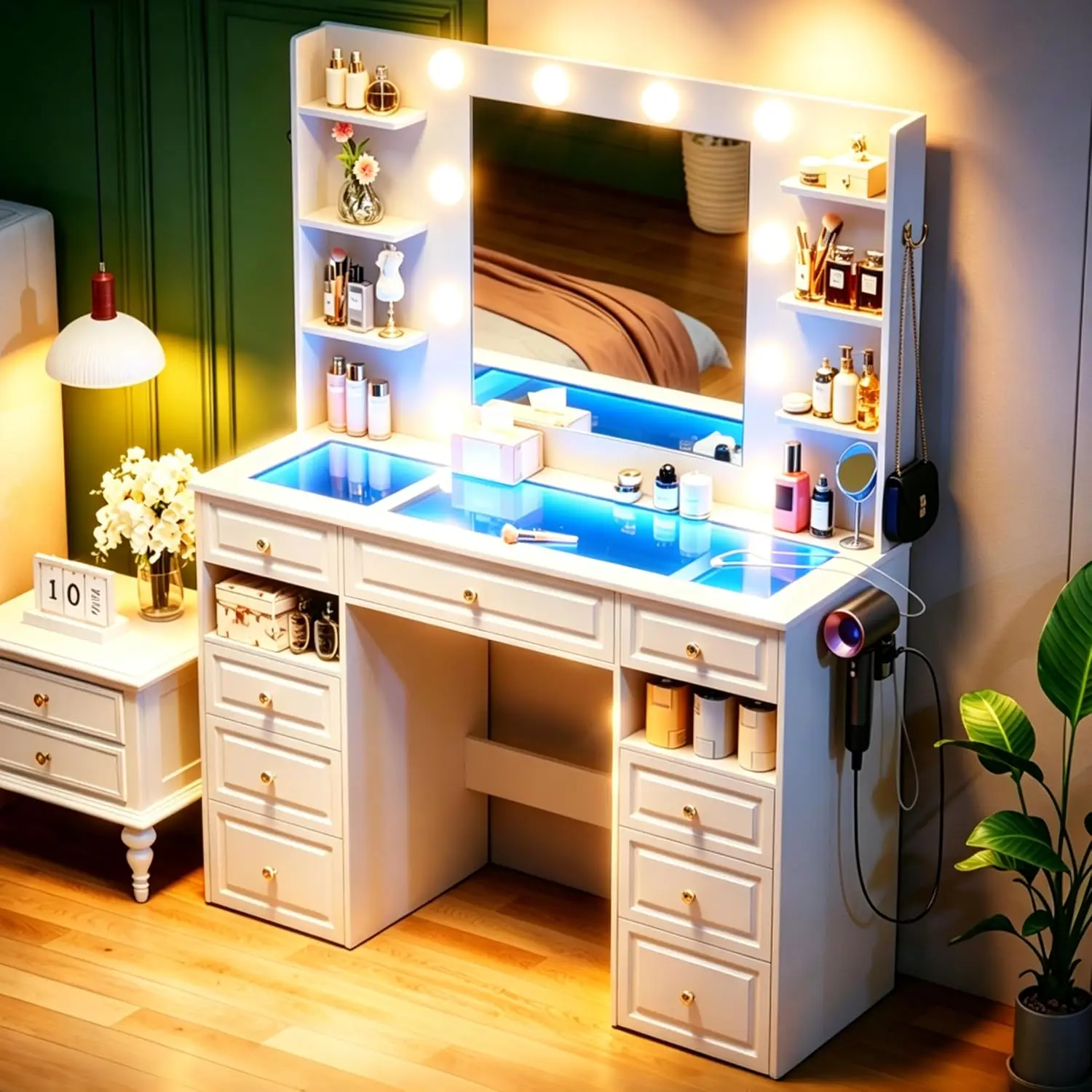 Vanity Desk with Mirror & 10 LED Lights, 9 Drawers Glass Top, 3 Lighting Modes Adjustable, White, Customized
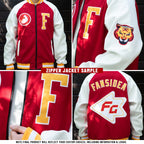 Custom Black Red-White Bomber Varsity Letterman Two Tone Zipper Jacket photo 3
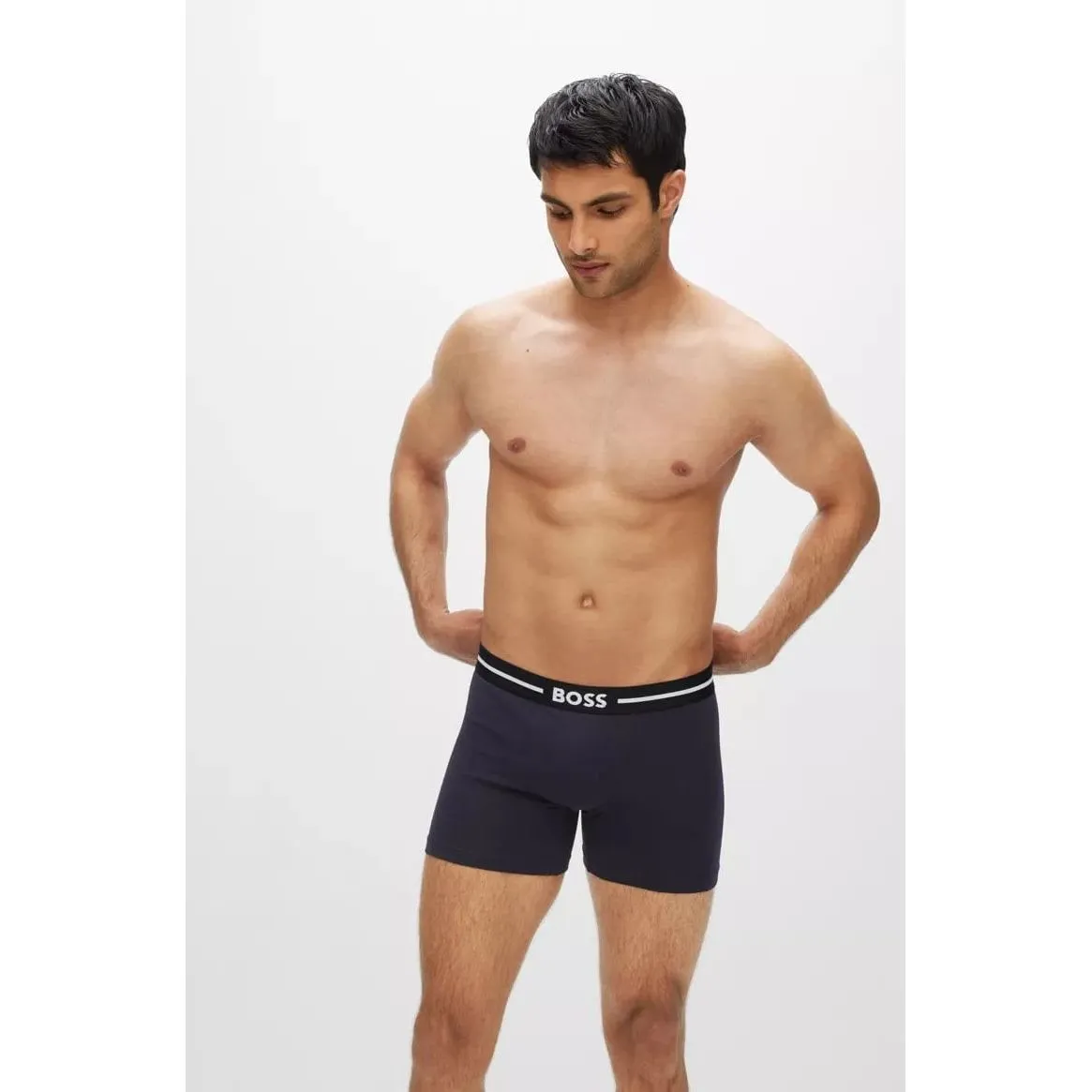 BOSS THREE-PACK OF STRETCH-COTTON BOXER BRIEFS WITH LOGO WAISTBANDS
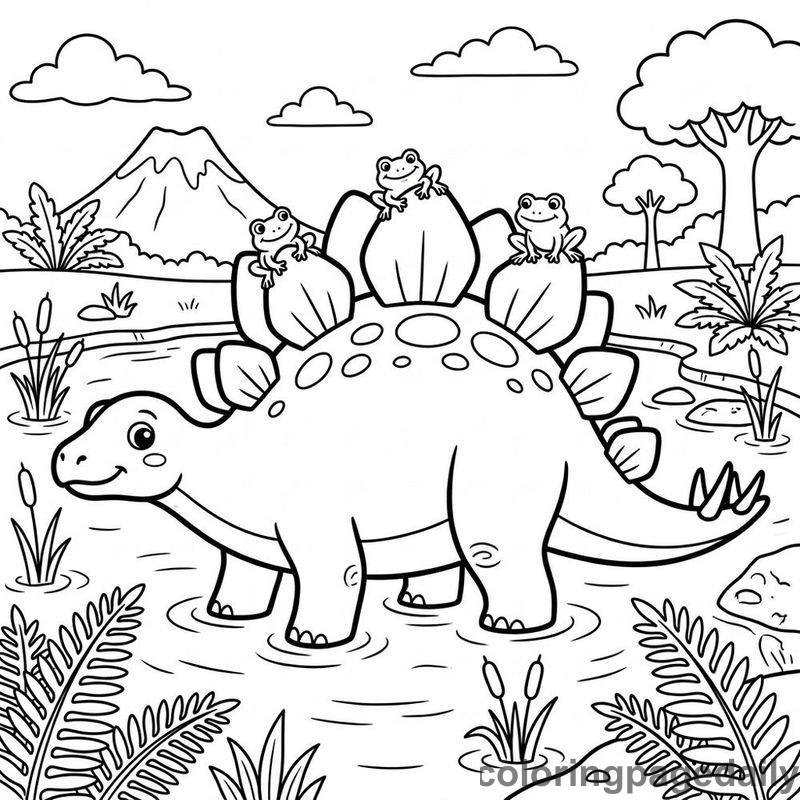 Stegosaurus With Prehistoric Frogs - Colored reference example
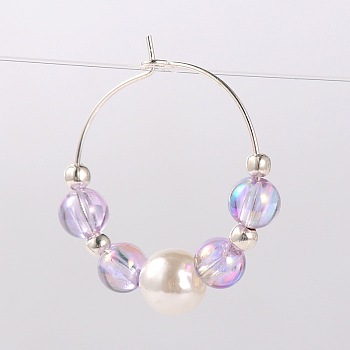 Transparent Acrylic Beads Wine Glass Charms, with Imitation Acrylic Pearl Beads and Brass Hoop Earrings, Platinum, Lilac, 29mm, Pin: 0.7mm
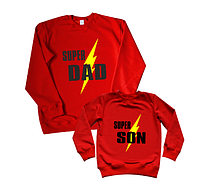 Комплект #папасын свитшоты family look "super dad, son" Family look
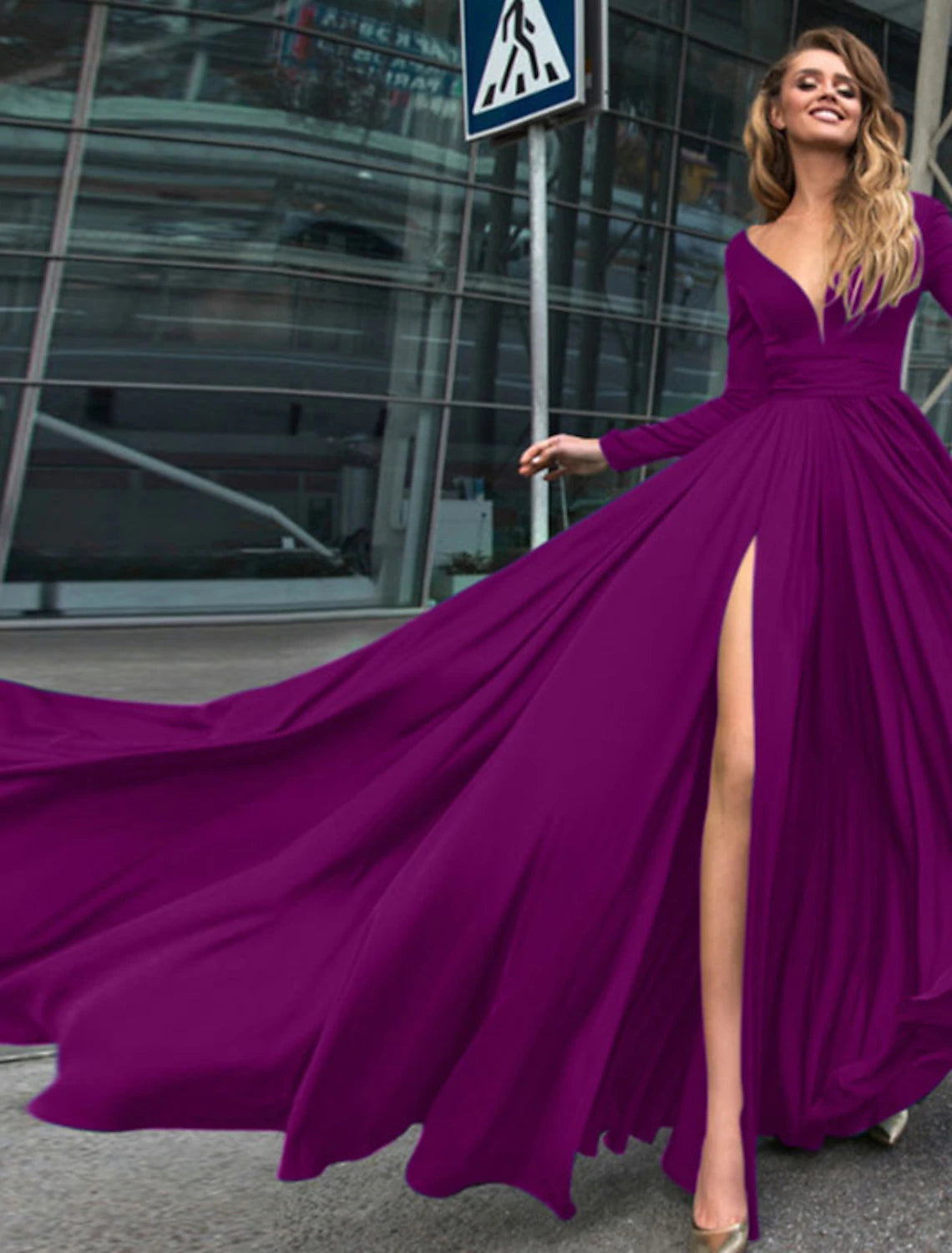 Black Chiffon A-Line Floor-Length with V-Neck & Plunging V-neck + High slit (for Evening-Party & Formal-Event)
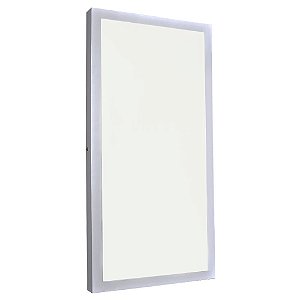 Luminária Plafon 30x60 24W LED Sobrepor Branco Quente Borda Branca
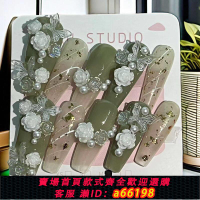 【台灣公司 可開發票】綠野仙蹤穿戴甲純手工小紅書輕奢新款高級雕花穿戴式長款仙女美甲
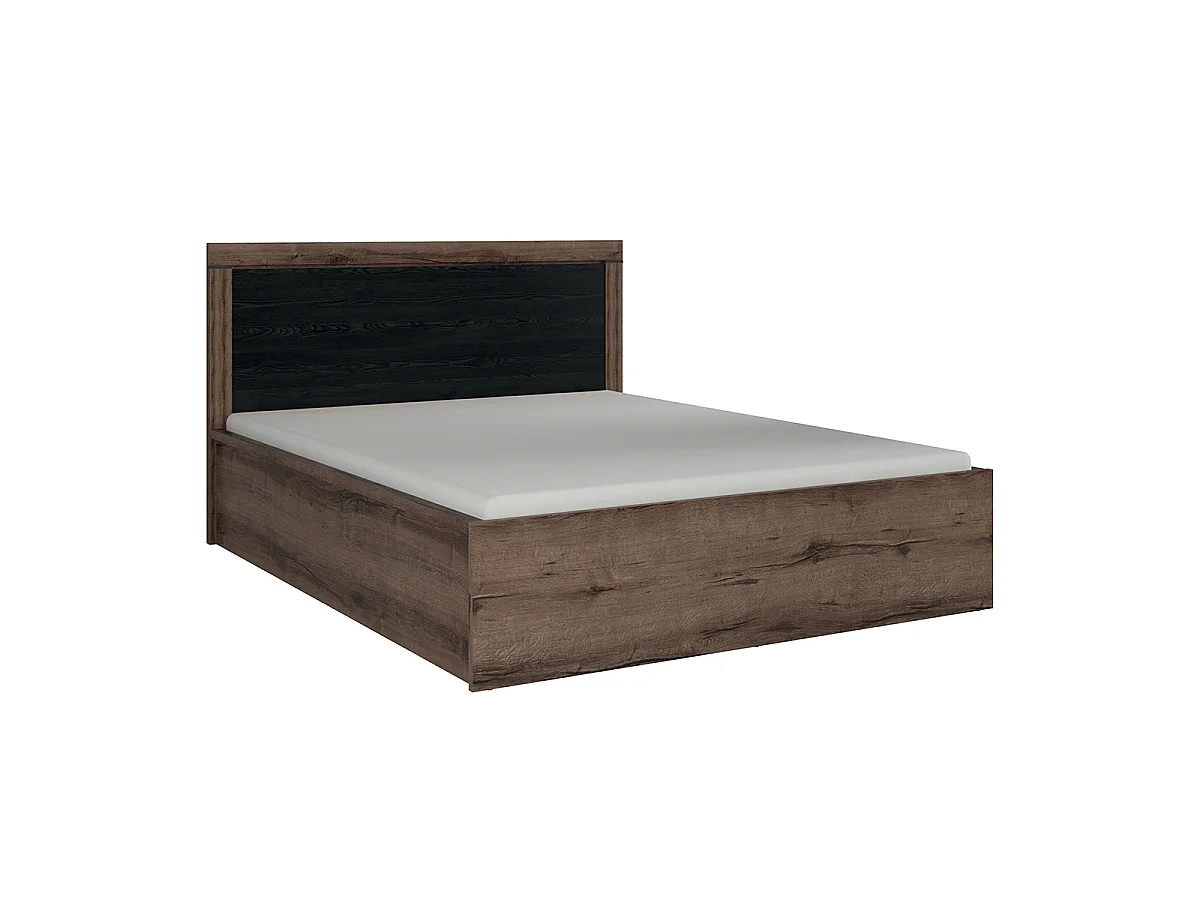 Letto con contenitore con base Adam marrone e nero 160x200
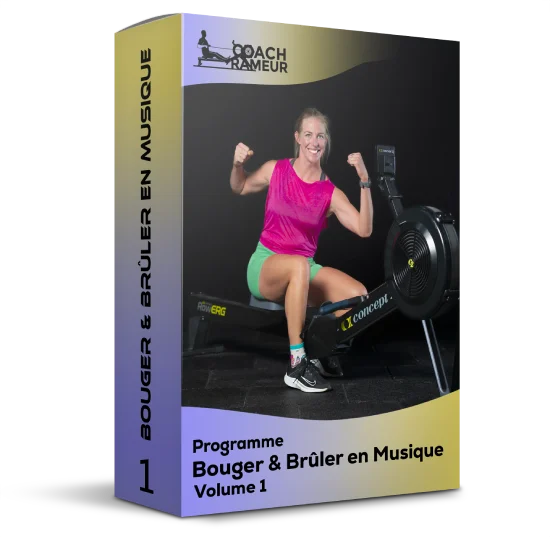 Une athlète souriante pose sur un rameur Concept2 devant le logo Coach Rameur, avec l'intitulé Programme Bouger & Brûler en Musique Volume 1.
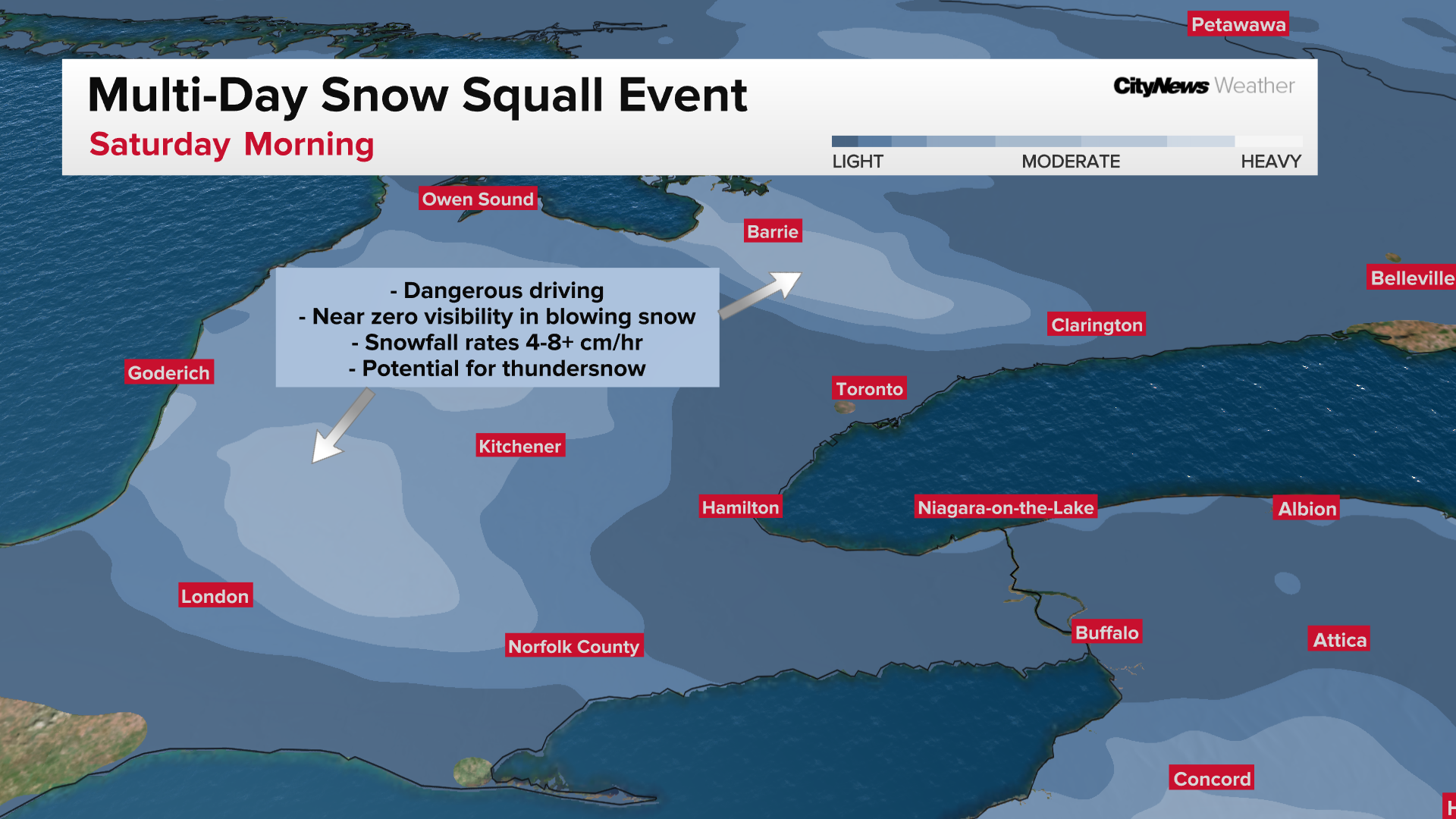 Prolonged snow squalls could bring 40+ cm to southern Ontario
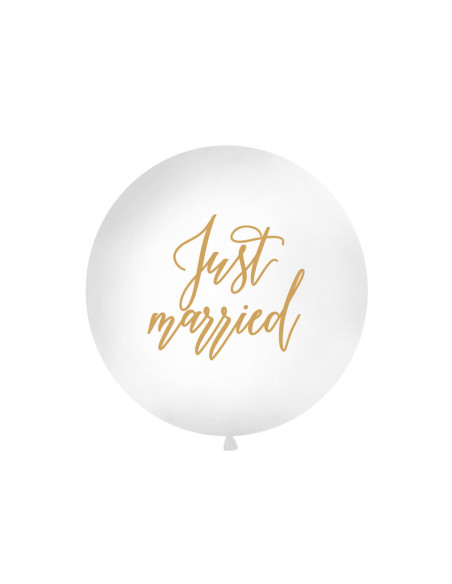 Balon 1 m, Just married, biały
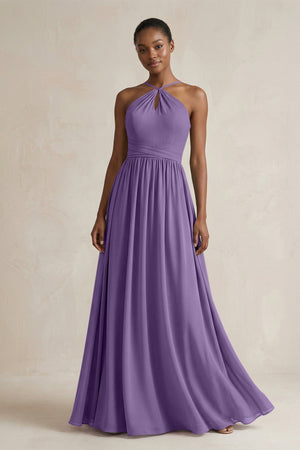 A - Line Halter Chiffon Ruched Bridesmaid Dress in Tahiti - SHE IS ME Bridesmaid Dresses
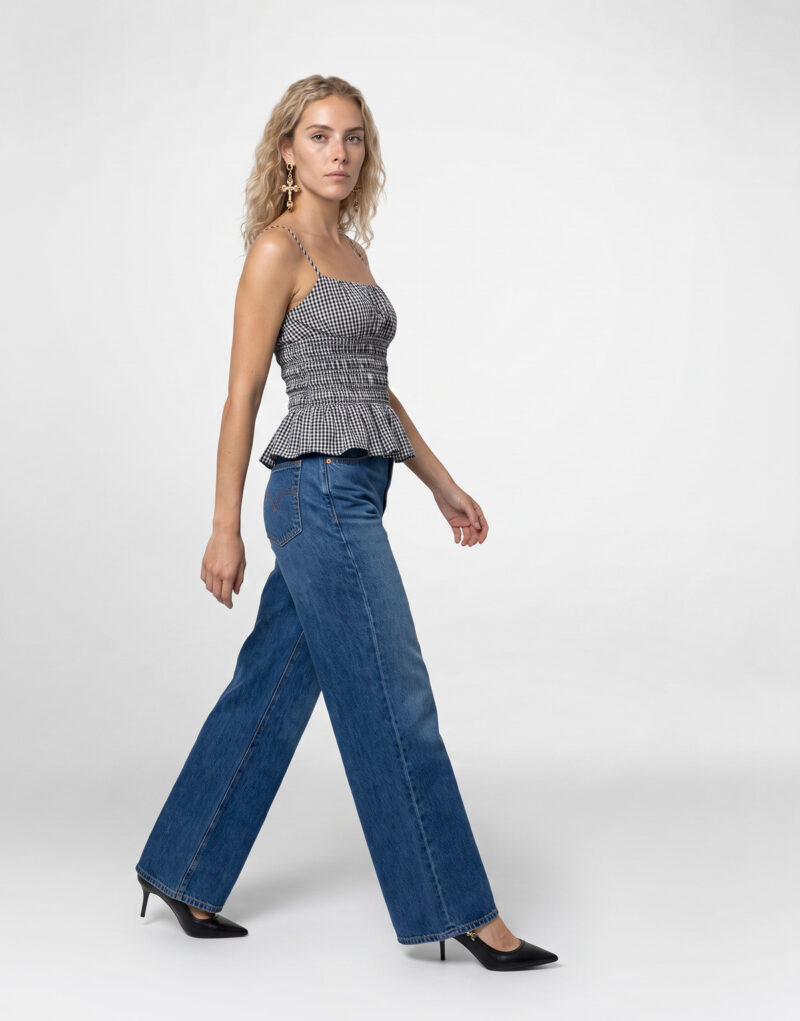 Levis RIBCAGE WIDE LEG H223 Blu Jeans Flare Donna - 3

_____

### Exercise description
The material above should be repeated word for word, with every picture omitted.

### Exercise answer
 Vanity Desk with Mirror & 10 LED Lights, 9 Drawers Glass Top, 3 Lighting Modes Adjustable, White, Customized
 Custom Black Red-White Bomber Varsity Letterman Two Tone Zipper Jacket photo 3
 BOSS THREE-PACK OF STRETCH-COTTON BOXER BRIEFS WITH LOGO WAISTBANDS
 Stegosaurus With Prehistoric Frogs - Colored reference example
 Transparent Acrylic Beads Wine Glass Charms, with Imitation Acrylic Pearl Beads and Brass Hoop Earrings, Platinum, Lilac, 29mm, Pin: 0.7mm
 Комплект #папасын свитшоты family look "super dad, son" Family look
 Black Chiffon A-Line Floor-Length with V-Neck & Plunging V-neck + High slit (for Evening-Party & Formal-Event)
 Luminária Plafon 30x60 24W LED Sobrepor Branco Quente Borda Branca
 【台灣公司 可開發票】綠野仙蹤穿戴甲純手工小紅書輕奢新款高級雕花穿戴式長款仙女美甲
 Letto con contenitore con base Adam marrone e nero 160x200
 Une athlète souriante pose sur un rameur Concept2 devant le logo Coach Rameur, avec l'intitulé Programme Bouger & Brûler en Musique Volume 1.
 Prolonged snow squalls could bring 40+ cm to southern Ontario
 Balon 1 m, Just married, biały
 A - Line Halter Chiffon Ruched Bridesmaid Dress in Tahiti - SHE IS ME Bridesmaid Dresses
 Levis RIBCAGE WIDE LEG H223 Blu Jeans Flare Donna - 3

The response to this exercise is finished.